And I was like, let's for one time in your life not make it about you. Yeah. And I said,
Mom, what happens in this fantasy? And my God, she gave me an entire different life.
It almost makes me want to cry, brus. She was in Paris and she was in Japan. And, you know,
she was hanging out and she had spent time living here and she had spent time living there.
And I'm like, yo, did I fucking cost this lady this ridiculous dream of gallivanting all over the world?
And as she's doing this and she goes, I'll have this.
And then she goes, and then I'll look at you.
And I'm like, how to fuck does somebody do that?
Like how do you love somebody?
How do you take care of somebody like that?
And this entire episode, I'm watching them, right?
And it's obvious they don't know how to take care of their mom.
It's obvious.
They're trying to manage her rather than take care of her.
They're hiding bottles.
They're trying to help her.
You bring the other fishes in.
And it freaks Carmi out that scene where Sarah Paulson goes.
It's like, he brought the tune to me.
He's like, what, what?
And she goes, don't tell them.
Because she knew that Carmi would freak out.
they're trying to manage her.
They don't really know how to take care of it.
They don't really know how to take care of it.
They're trying to manage her.
And all of that's happening as Mikey is hiding the fact that his life is in shambles.
Richie is trying to start a new life.
All of this stuff is going on.
And when the episode goes off, the first thing that pops is you get it.
I understand why Mikey committed suicide.
I don't understand what he was going through.
I get where he was.
I get where Karmie is.
And why Karmie is really, like, he has a social anxiety disorder, right?
I mean, think about what, think about what Claire says to him.
I think in the previous episode, she's like, yeah, I know that you're good.
She says something to the fact I know that you're good communicating with drunk people or taking care of drunk people.
And like the next episode, you see him like, oh, Karmie's role in this family.
was, to your point, I think to their mom,
Carmis care for her
means more than sugars,
means more than Mickeys, because
Carmi has this thing in him
that I think it's harder to pin him down.
And by the way, I do want to apologize to the audience real quick.
I know it's about the show,
but this was really very,
like, this really is my family.
Yes, that, no, here's this is why you don't have to.
This is why you don't have to.
apologize because shout out one of my
favorite colleagues, one of our smartest
colleagues here, Joanna Robinson.

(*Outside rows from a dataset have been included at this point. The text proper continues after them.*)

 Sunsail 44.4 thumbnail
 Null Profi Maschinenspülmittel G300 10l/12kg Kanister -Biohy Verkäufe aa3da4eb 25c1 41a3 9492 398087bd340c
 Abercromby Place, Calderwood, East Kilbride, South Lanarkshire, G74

She tweeted
something to the effect of like, yeah, this is
why some people don't go to home for Christmas.
And it's just like, it's hard not to
talk about this episode without talking about
your personal experiences because I
think it's a mark of great art
that they can say something that
is this universal. This is an Italian
white family in Chicago.
And I was literally being like, this could have been my family.

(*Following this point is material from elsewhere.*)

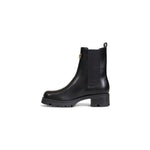 Guess Black Polyethylene Ankle GU-14526300009-EU36/US6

Even to the point where the brothers come in and they go,
yo, I seen that girl from down the street.
Yes.
Like, bro, even to the point to where I'm like, yo, man, I know how to be with girls,
bro.
Like, nah, bro, I know how to be with girls.
But like, stop, bro.
Like, dog, you like her.
You've been liking her.
Go outside, talk to her, or we're going to go tell her to come in here.
Like, I'm like, bro, it's like, bang, you know you like her.

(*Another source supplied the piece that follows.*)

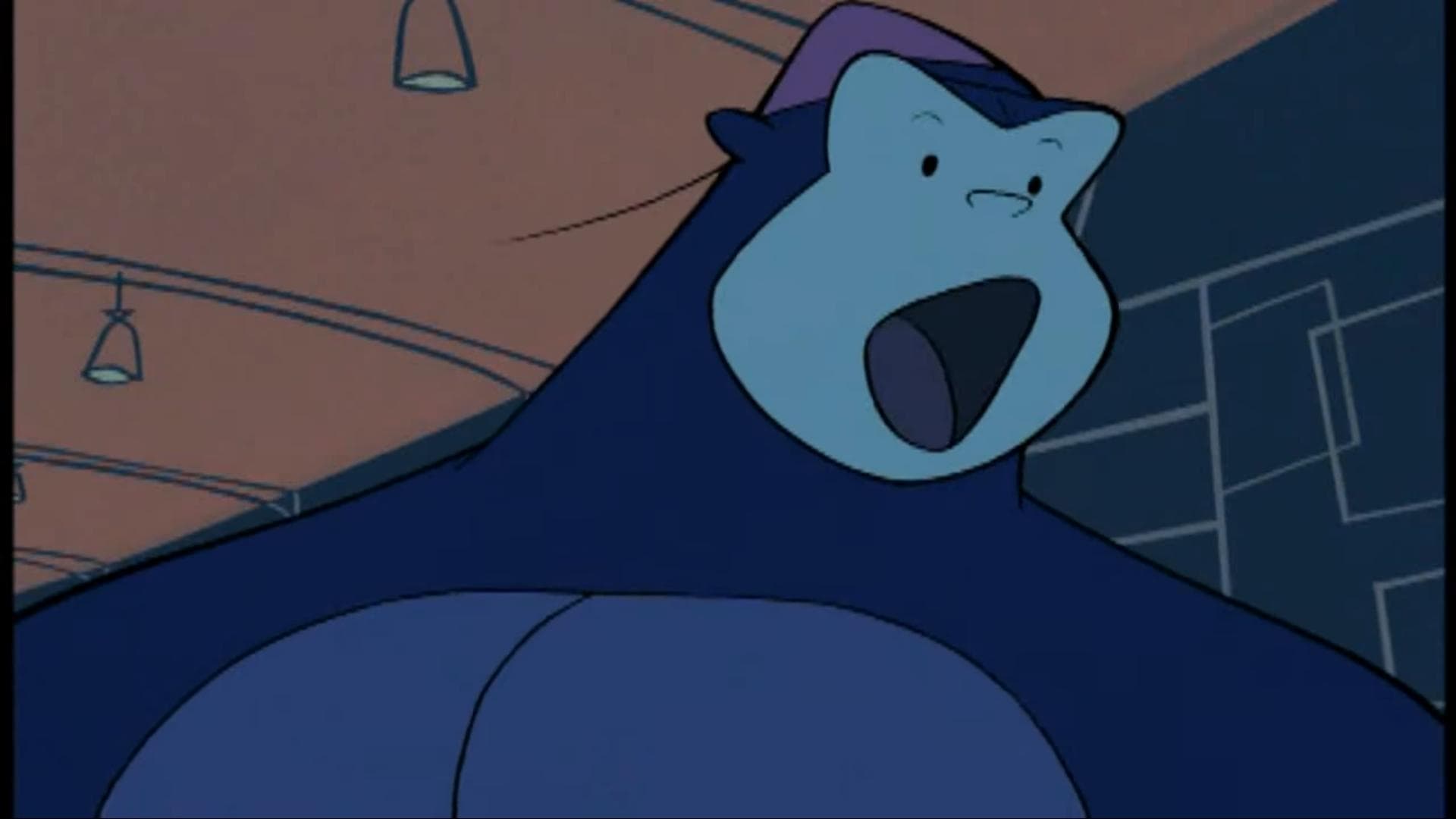 Brian Beacock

Go outside and talk to her or we're going to go get her.
And they're like, bro, you got until the food ready, bro.
Or she's going to be having Christmas in her.
Because I'll go get her.
Like, I'll go get it.
I'll go get it.
I'm like, bro, chill, bro.
Like you, man, bro, how long are you going to wait?
How long are you going to wait?
So even that part, the whole thing.
That part, here's a thing.
Being among the younger people, do you know?
I just stopped bringing girlfriends around to Christmas dinner.
Because what will happen if you break up with her and you bring a new girl,
they'll be like, oh, yo, where's the other girl you brought?
You know what the one you said you loved?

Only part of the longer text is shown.